* Task data:
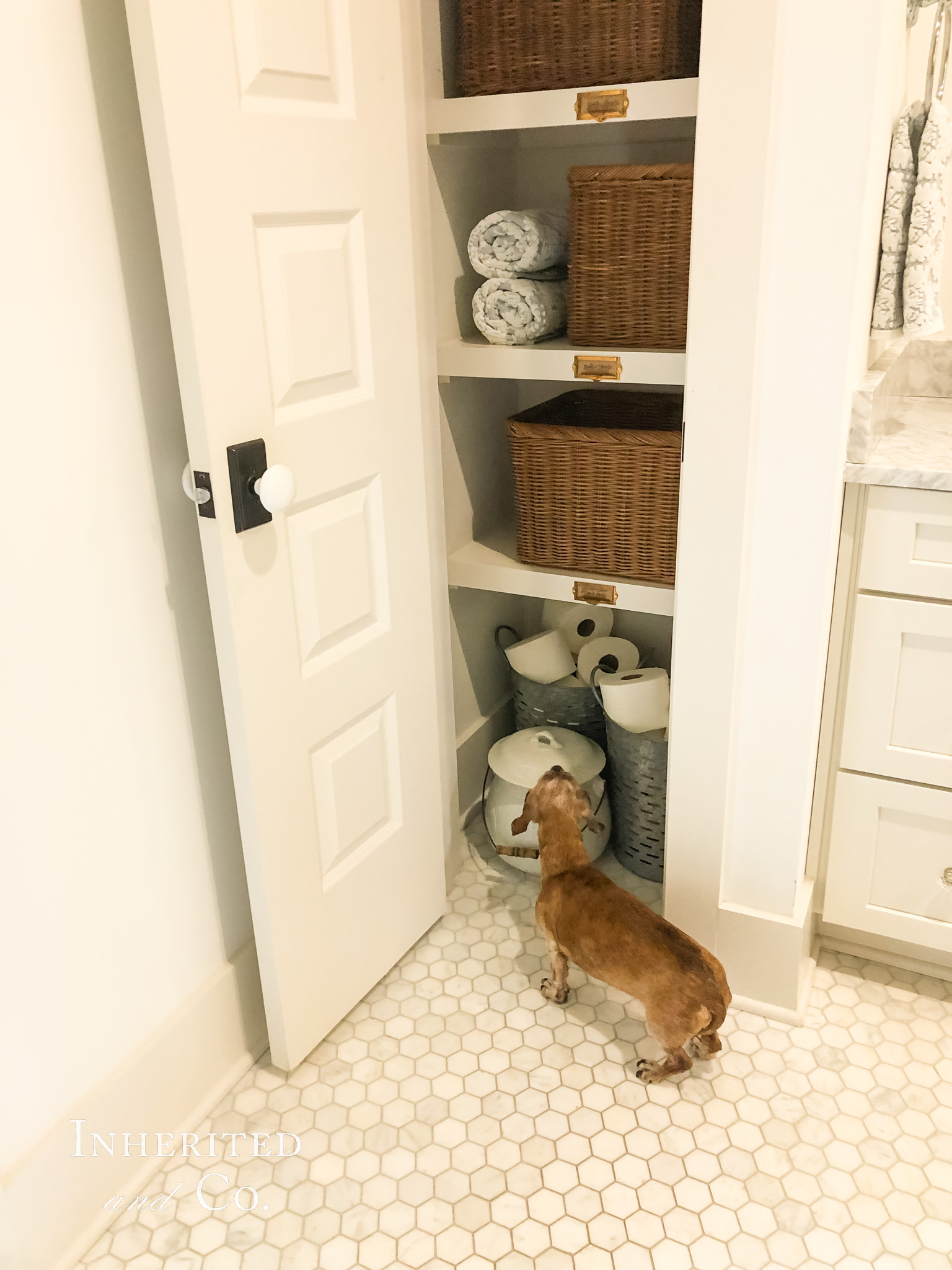 Dachshund standing in front of an organized linen closet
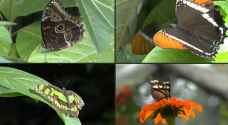 Colombia has world's largest variety of butterfly species: study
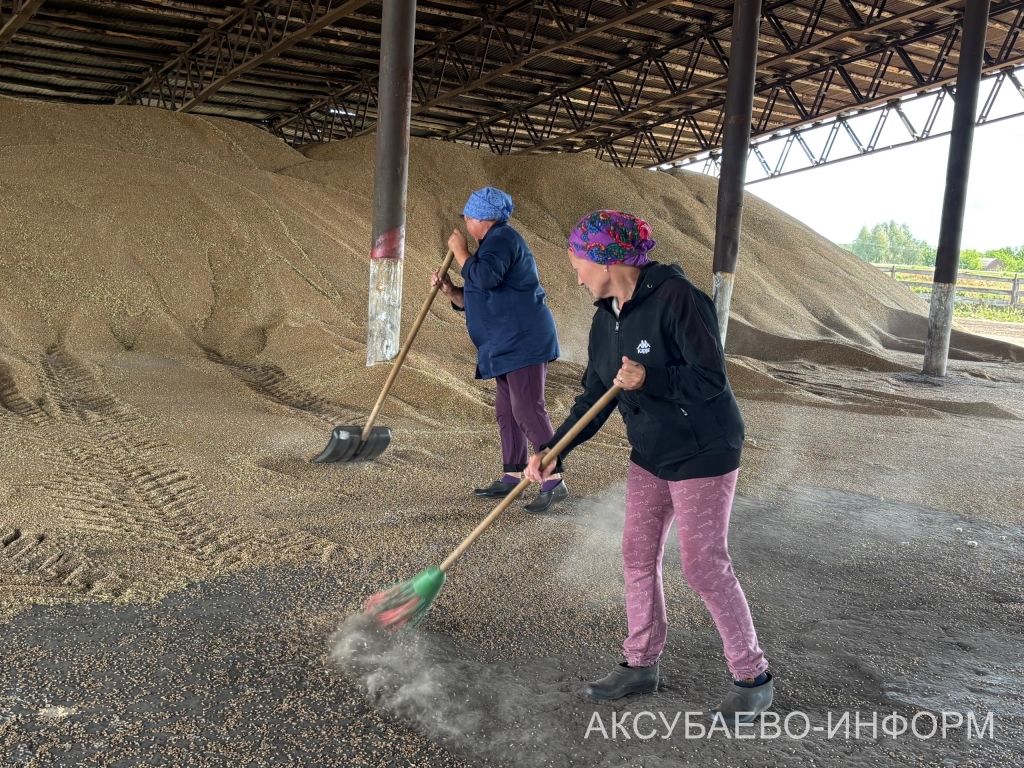 На полях Аксубаевского района набирает темпы уборка урожая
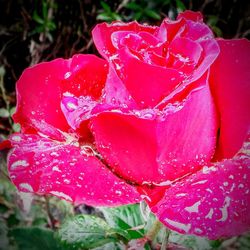 Close-up of pink rose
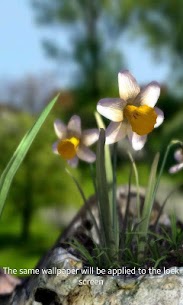 Doğa Canlı Bahar Çiçekleri XL Yamalı APK 1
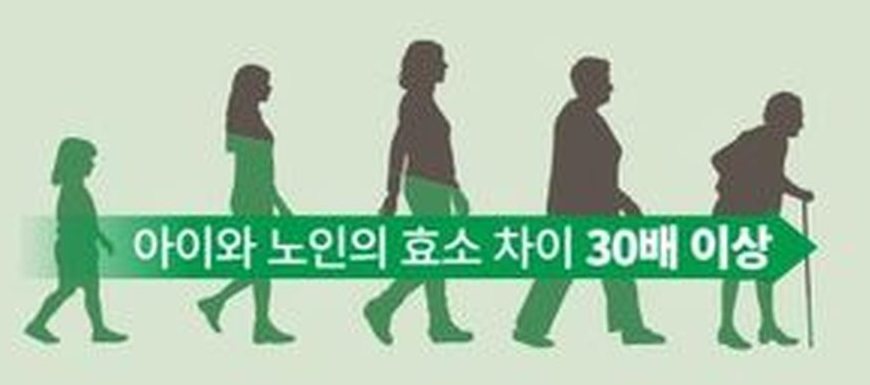 아이와 노인의 효소 차이 30배 이상.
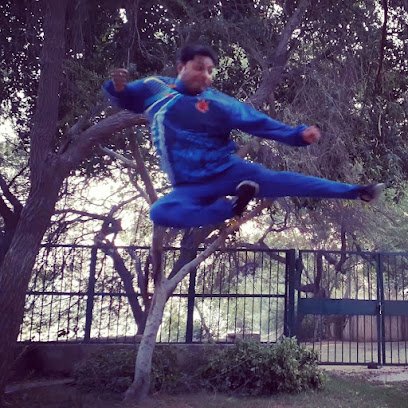 Fighting Machine Academy Martial arts academy photo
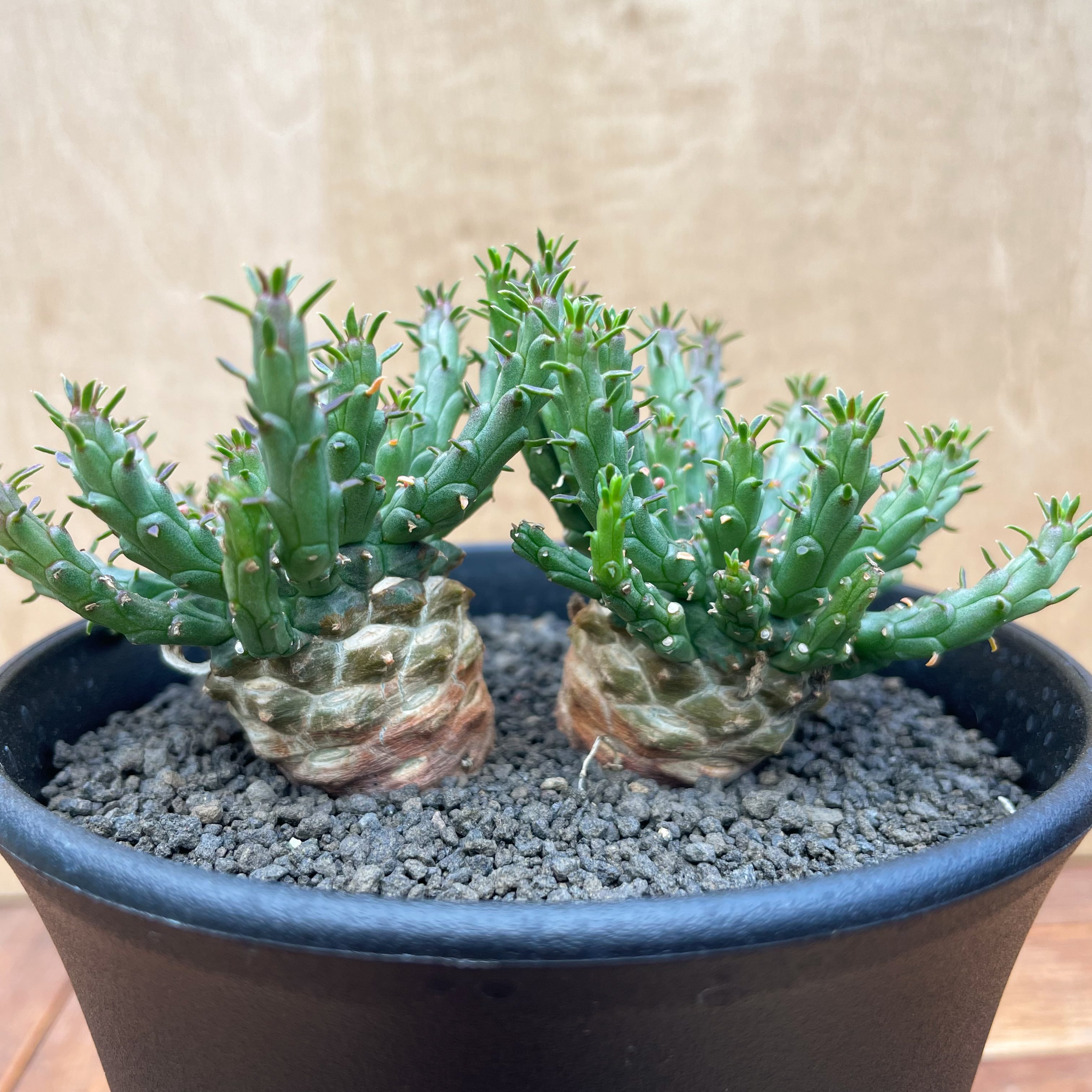 Euphorbia gorgonis 【ユーフォルビア・ゴルゴニス・金輪際】 | RIMO'S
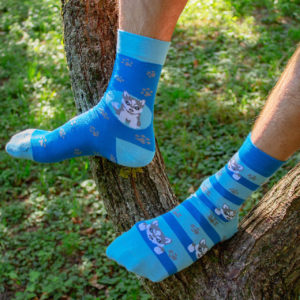 Veselé ponožky POHODKY Pes Husky
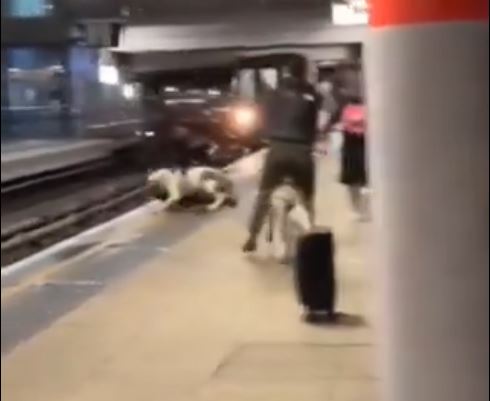 Βρετανία: Η τρομακτική στιγμή που σκυλιά επιτίθενται σε άντρα σε σταθμό τρένου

* Problem description: Your answer must be the full listing, reproduced word for word, without its pictures.

* Task response:
 Dachshund standing in front of an organized linen closet
 Colombia has world's largest variety of butterfly species: study
 На полях Аксубаевского района набирает темпы уборка урожая
 Close-up of pink rose
 Doğa Canlı Bahar Çiçekleri XL Yamalı APK 1
 아이와 노인의 효소 차이 30배 이상.
 Fighting Machine Academy Martial arts academy photo
 Euphorbia gorgonis 【ユーフォルビア・ゴルゴニス・金輪際】 | RIMO'S
 Veselé ponožky POHODKY Pes Husky
 Βρετανία: Η τρομακτική στιγμή που σκυλιά επιτίθενται σε άντρα σε σταθμό τρένου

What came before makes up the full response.